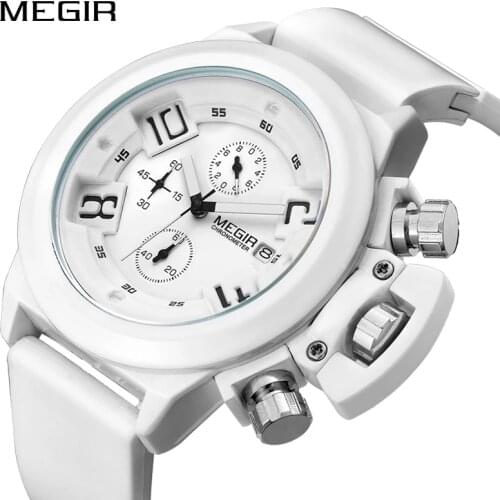 MEGIR 2002 Mens Creative Hip Hop Style Big Dial Quartz Sport Watch Waterproof Chronograph Military Wristwatches Male Clock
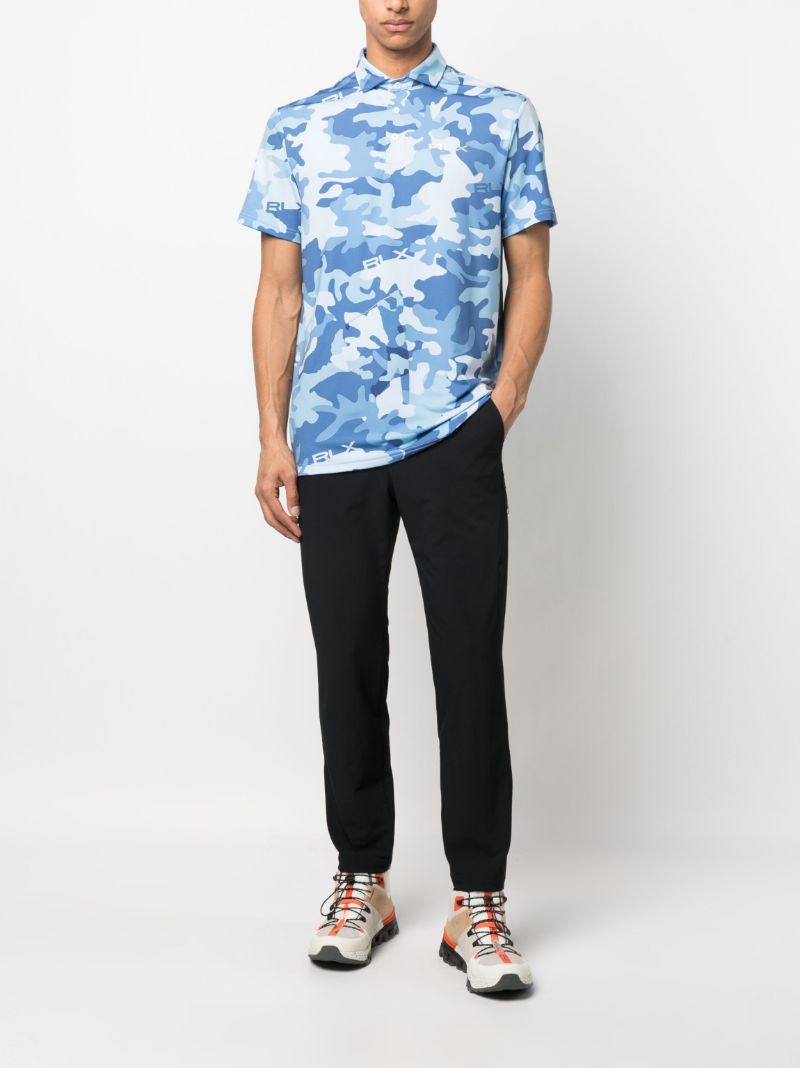 Blue Camouflage Print Golf Polo Shirt
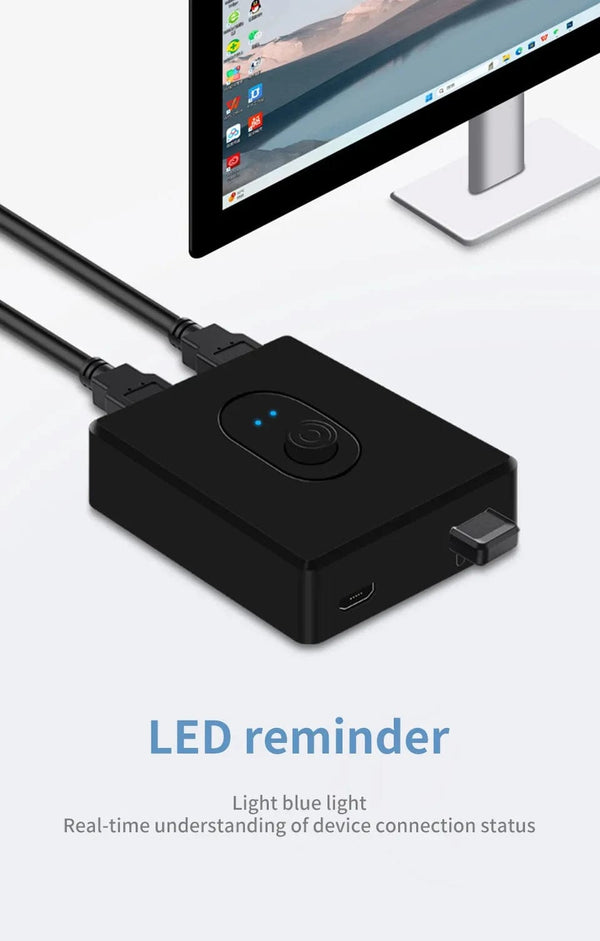 Planet Gates USB 3.0 KVM Switch USB Hub 1x2/2x1 Switcher USB3.0 Switch Shared Controller Splitter for Laptop Computer Printer Keyboard Mouse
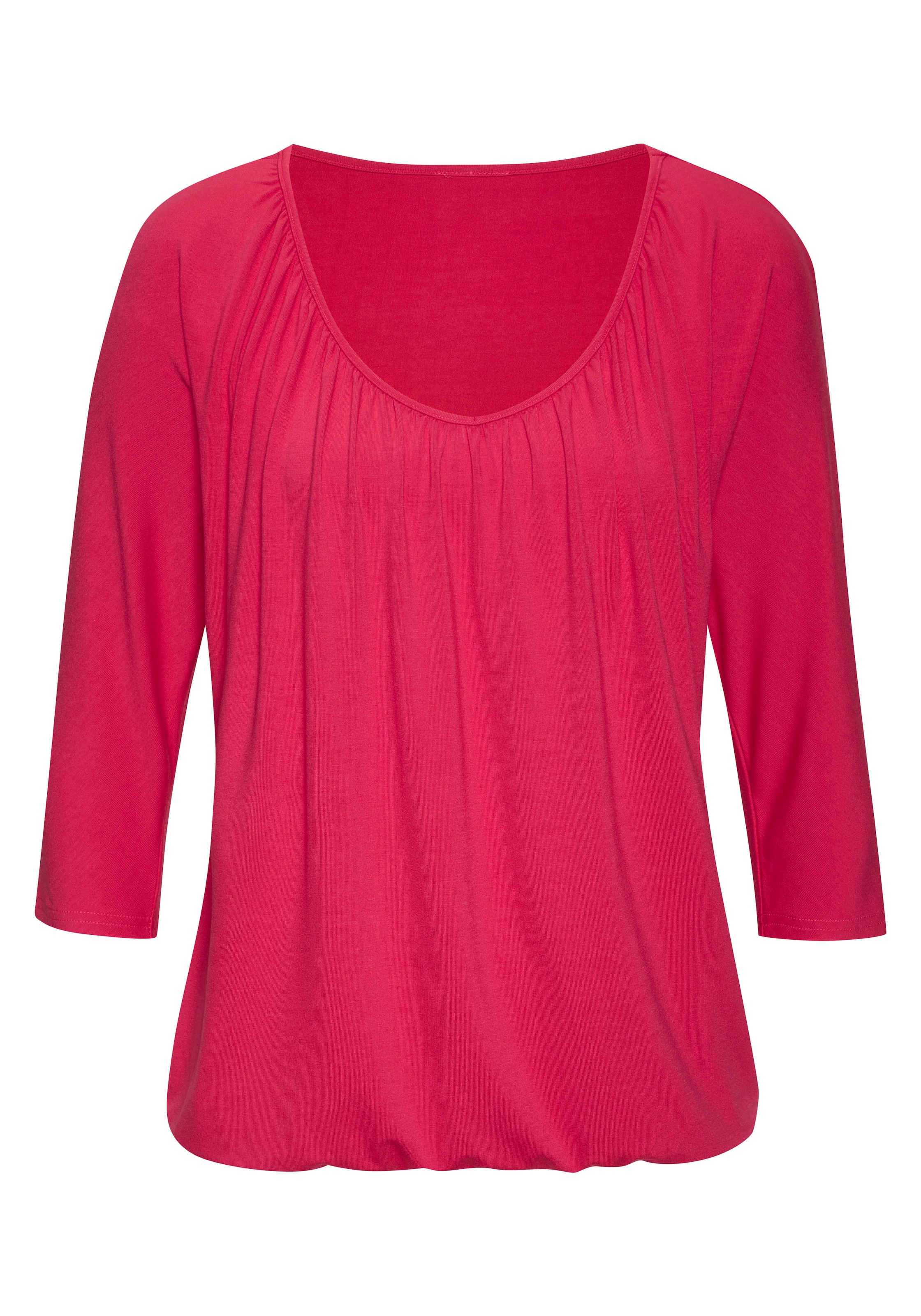 LASCANA 3/4-Arm-Shirt »mit zarter Raffung am Ausschnitt« 2er-Pack,  aus luftigem Viskose-Stretch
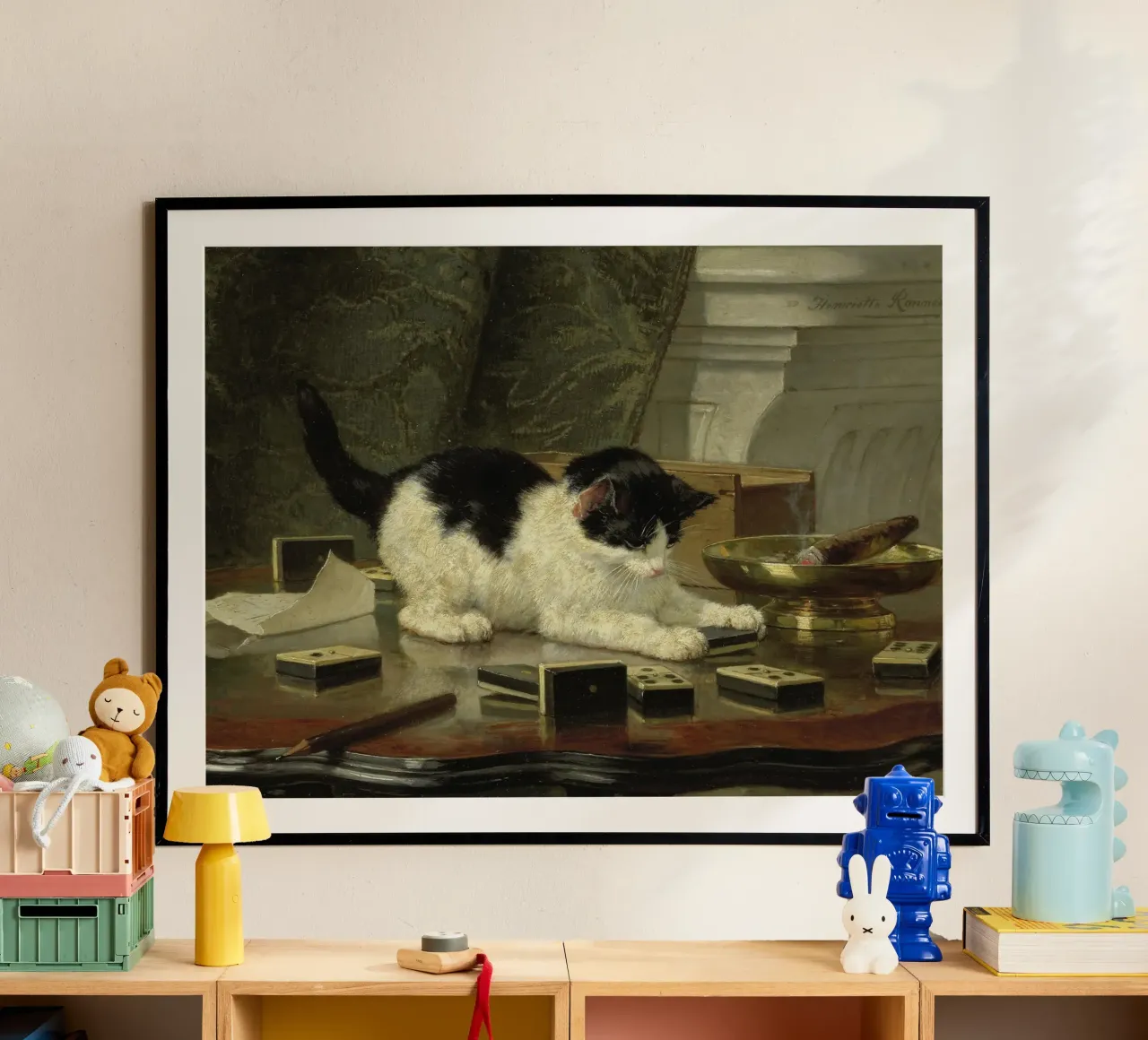 Henriette Ronner - Il gatto in gioco poster con telaio in legno da Wirla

Exercise requirements ▸ Write the entries above out in full, exactly, with no images.

Response below ▸
 MEGIR 2002 Mens Creative Hip Hop Style Big Dial Quartz Sport Watch Waterproof Chronograph Military Wristwatches Male Clock
 Blue Camouflage Print Golf Polo Shirt
 Planet Gates USB 3.0 KVM Switch USB Hub 1x2/2x1 Switcher USB3.0 Switch Shared Controller Splitter for Laptop Computer Printer Keyboard Mouse
 LASCANA 3/4-Arm-Shirt »mit zarter Raffung am Ausschnitt« 2er-Pack,  aus luftigem Viskose-Stretch
 Henriette Ronner - Il gatto in gioco poster con telaio in legno da Wirla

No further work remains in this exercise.